In traditional software development, a Product Manager typically writes a brief feature description, and let developers to figure out implementation details. With AI-assisted development, this dynamic has fundamentally shifted. Product Managers can now collaborate with AI to create robust requirements and then let Claude Code or Cursor to generate the code off these specifications and test it, Then submit implemented feature for review by senior developers or architects without any intermediate step required.
The message is clear: those who write better requirements, design better systems, and validate more effectively will thrive. Those who simply write code from specifications face an uncertain future.
Understanding the Productivity Paradox
When AI coding assistants first emerged, the promise seemed straightforward: developers would code faster, ship more features, and have time for higher-level work. Reality proved more nuanced.
How do we reconcile the contradictory findings described earlier? I think that the answer lies in understanding that AI’s impact varies dramatically based on:
- Developer experience level: Senior developers have experience in explaining others, including AI assistant how to implement solution
- Task complexity: Simple boilerplate coding typically does not need as much explanation as that required for complex architectural decisions
- Most critically: The quality of product requirements and feature specifications provided to the AI assistant.
This last point is where the real transformation is occurring.
The Rise of Requirements-Driven Development
Product Managers: The New Critical Role
In traditional software development, a Product Manager often asked by engineering to write only a brief feature description, and let them to figure out the implementation details. With AI-assisted development, PM can write detailed functional requirements, ask AI to propose implementation plan based on these requirements, review the plan, make suggestions, and then, after couple iterations, ask AI assistant to implement the code, test suite, and run the tests.
Dynamic has fundamentally shifted – after requirements is written, it takes a few hours to get new feature implemented and ready for review by a senior developer.
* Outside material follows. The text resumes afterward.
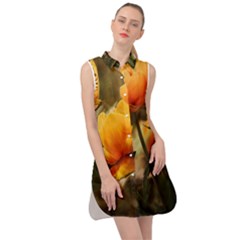 Yellow Butterfly Flower Sleeveless Shirt Dress by Azkajaya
Here is an example from Google’s senior director of product management for developer tools describes using AI to create specification documents: “I will use Gemini CLI in order to create a more robust requirement doc in Markdown. That will usually create probably about 100 lines of fairly technical, but also outcome-driven specification. Then I will use Gemini CLI to write the code based on that specification”. I have similar experience with Claude Code.
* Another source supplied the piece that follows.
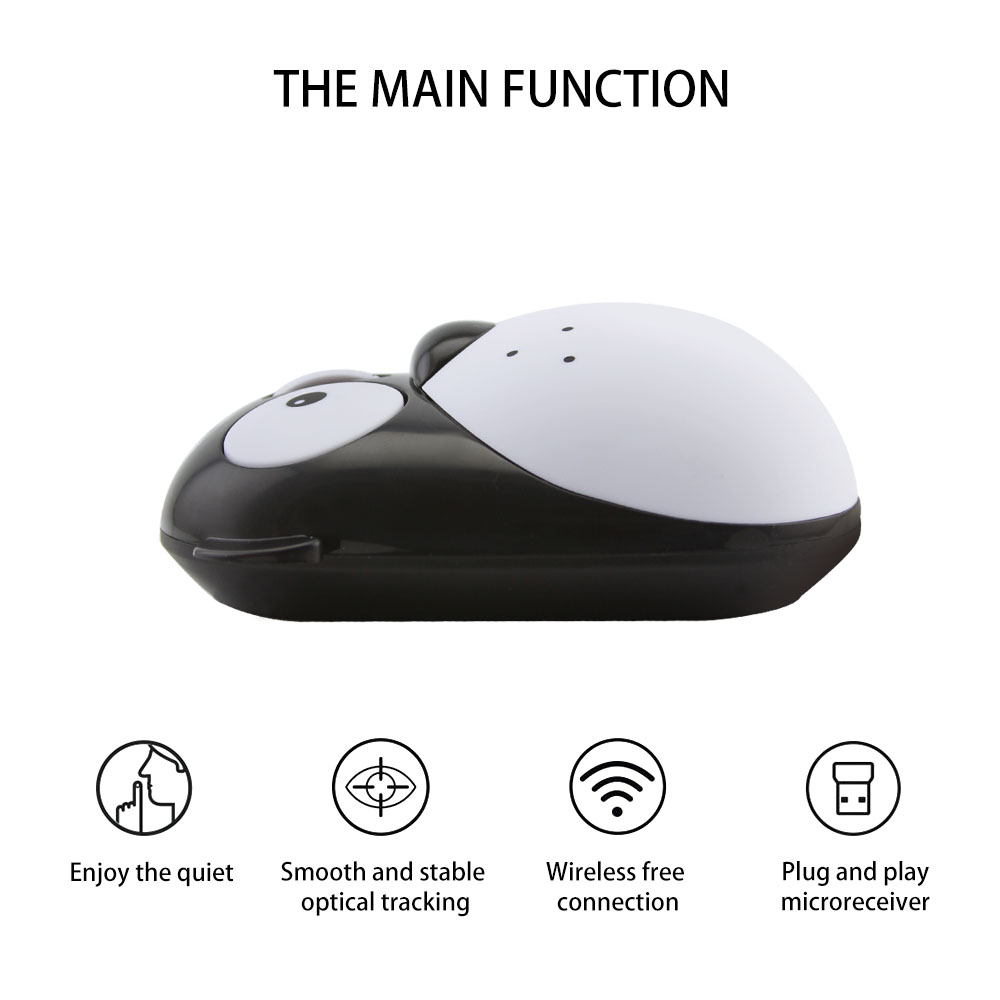 Souris de dessin animé sans fil, chargement sans fil pour chiots, silencieux, mignon, Panda, Bluetooth, pour PC,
The pattern is clear: better specifications yield exponentially better AI-generated code. Product Managers must now develop proficiency in low-code platforms:
- Requirements Documentation: Creating detailed, technically precise specifications that serve as effective AI prompts
- Data Literacy: Understanding how AI processes information and what context it needs
- AI Tool Selection: Evaluating which AI coding assistants best fit project requirements
- System Design Thinking: Translating business needs into architectural concepts AI can implement
Research analyzing 500,000 coding interactions found that 79% of Claude Code conversations were classified as automation, where AI directly performs tasks, versus augmentation where AI collaborates with humans. This automation-heavy usage underscores the critical importance of well-specified requirements—when the AI is doing most of the work, the quality of instructions becomes paramount.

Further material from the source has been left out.